Four Letter Word, page 5
She didn’t want to text Peyton because she just couldn’t face a renewal of that intervention—or worse, an effusive apology from her friend—but she didn’t want to face her mom either. The missing bagels might tip her anxiety into the red zone.
While she contemplated whether or not she could make it upstairs to her attic undetected, a circular saw buzzed to life in the garage workshop. Her dad was the brand of dreamy optimism she needed right now.
The latch on the side door to the garage had been broken for years, and when Izzy pushed it open, she found her dad hunched over a table saw, goggles securely fixed over his eyes as he expertly guided a piece of cedar through the rotating blade. Sawdust billowed outward, particles dancing in a shaft of light that had pierced the cloudy sky and beamed through an open window. They circled upward toward the garage door rails and disappeared into shadow.
Her dad lifted his foot from the pedal that controlled the circular saw, pushed his goggles to his forehead along with a thick, unkempt fringe of salt and pepper gray hair, then held the long piece of wood up to his nose to examine his handiwork.

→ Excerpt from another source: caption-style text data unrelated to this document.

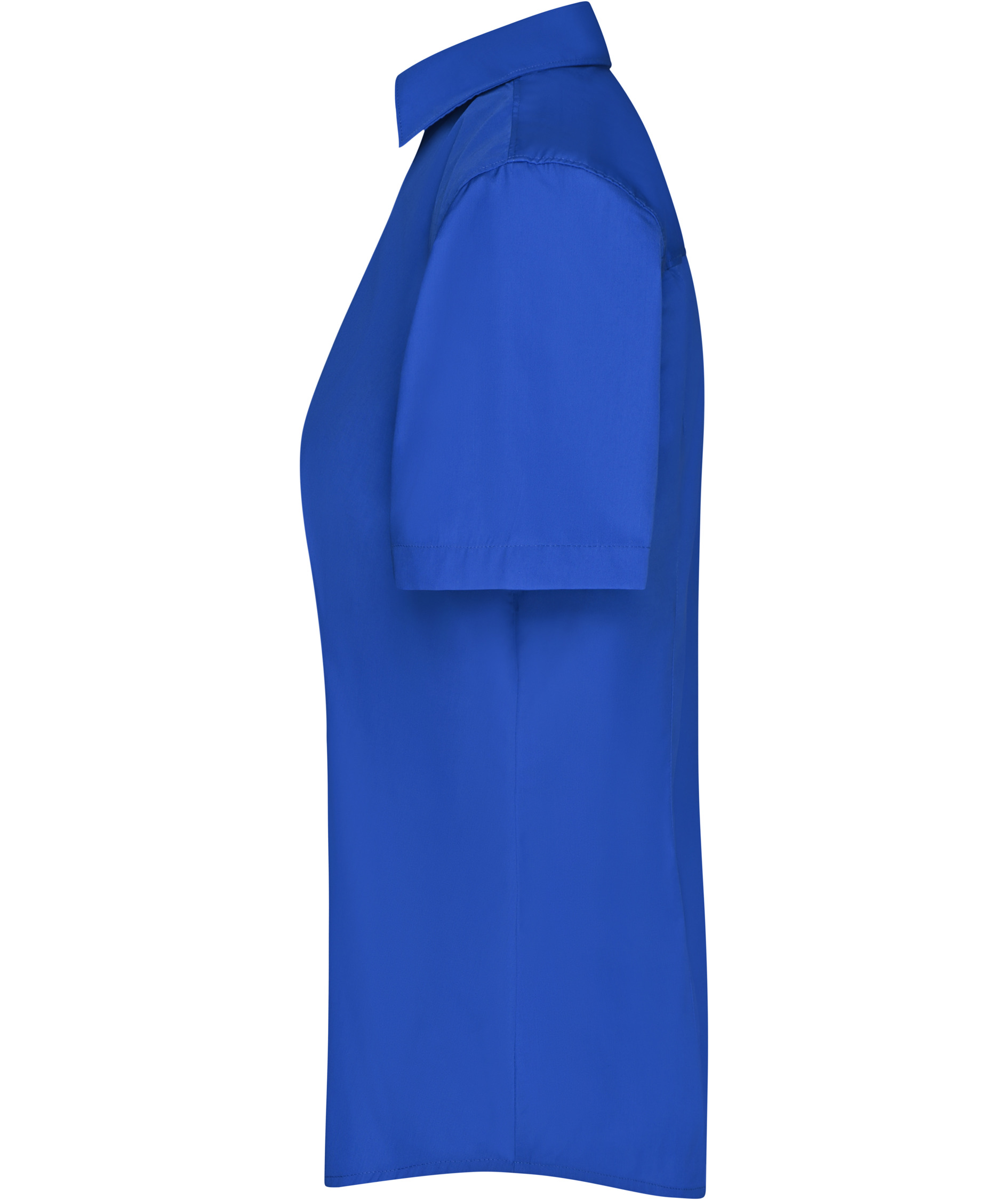 James & Nicholson kurz&auml;rmeliges Modern fit Damenhemd, K&ouml;nigsblau, large image number 3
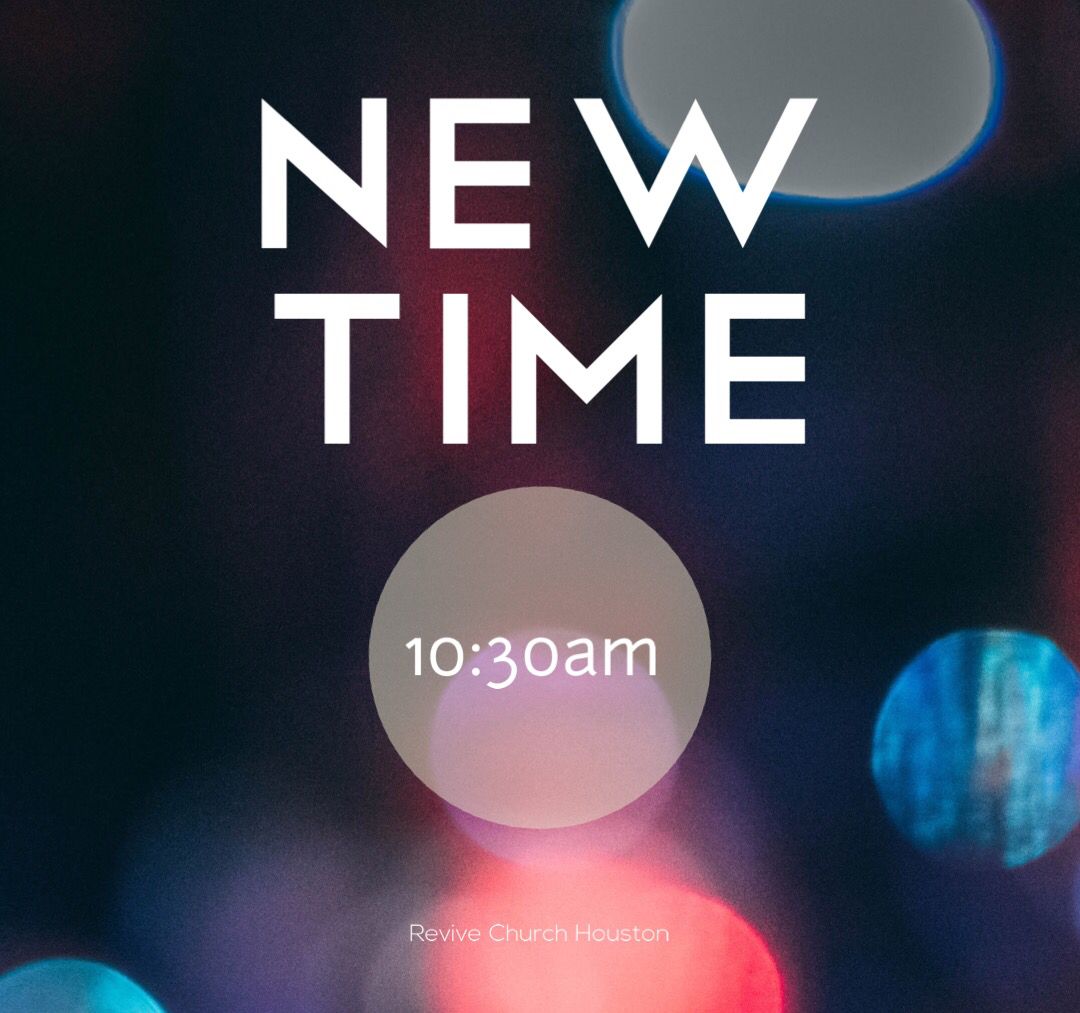 •ANNOUNCEMENT•
The votes are in and starting this Sunday Revive will be moving to morning services! #Revive #Church #Houston #HTX #Montrose #Morning #MorningServices #Sundays #SundayMornings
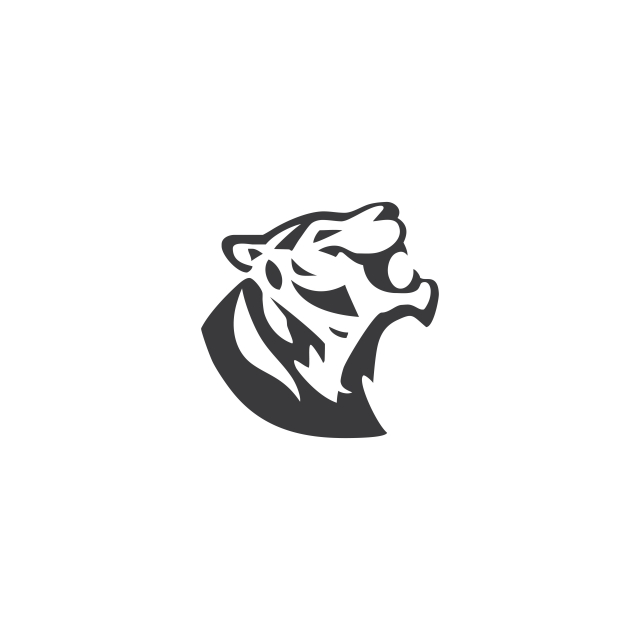 640x640 Tiger Logo Design Icon Vector, Icon, Illustration, Vector Png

“Cornice trim or wainscoting?” Izzy asked from the doorway. Her dad didn’t flinch at the sound of her voice, even though he couldn’t have heard her coming.
“Bargeboard,” he said, running a hand over the flat surface. “Or at least it will be once I’m done with it.”
“For the Pink Lady restoration?” Izzy asked. The owners of the Pink Lady, one of Eureka’s crown jewel Victorian properties turned upscale bed-and-breakfast, had been promising to hire her dad to restore and replace some of the rotting exterior woodwork. It was a huge job, both for the prestige and the paycheck, but after a year of stringing him along, a contract had yet to materialize.
Her dad shook his head. “Nah, just the Dickerson place.”
“Sorry.”
He turned to face her, a hearty smile wrinkling his tanned face. “Why sorry? The Dickersons are good clients, and their Stick-Eastlake Victorian is a rare bird. I’m honored that they trust her to me.”
A rare bird whose owners rarely paid their bills on time.
“What’s wrong, Izzy?” her dad said, tossing the soon-to-be bargeboard back onto the workbench. “You nervous about that Italian kid?”
“A little.” Tip of the iceberg.
He snorted. “You sound about as excited as a mourner at a funeral.”
“Depends whose funeral.”
“Good one.” He laughed. “Well, your mom’s excited enough for all of us. I haven’t seen her like this since she moved to California.”
Izzy cringed at her dad’s cluelessness. He worked a lot, both in his workshop and at various sites that sometimes kept him away until late at night, absences that seemed to have increased over the last few months. She should have been surprised that he had no idea about the true state of his wife’s mental health, but she wasn’t.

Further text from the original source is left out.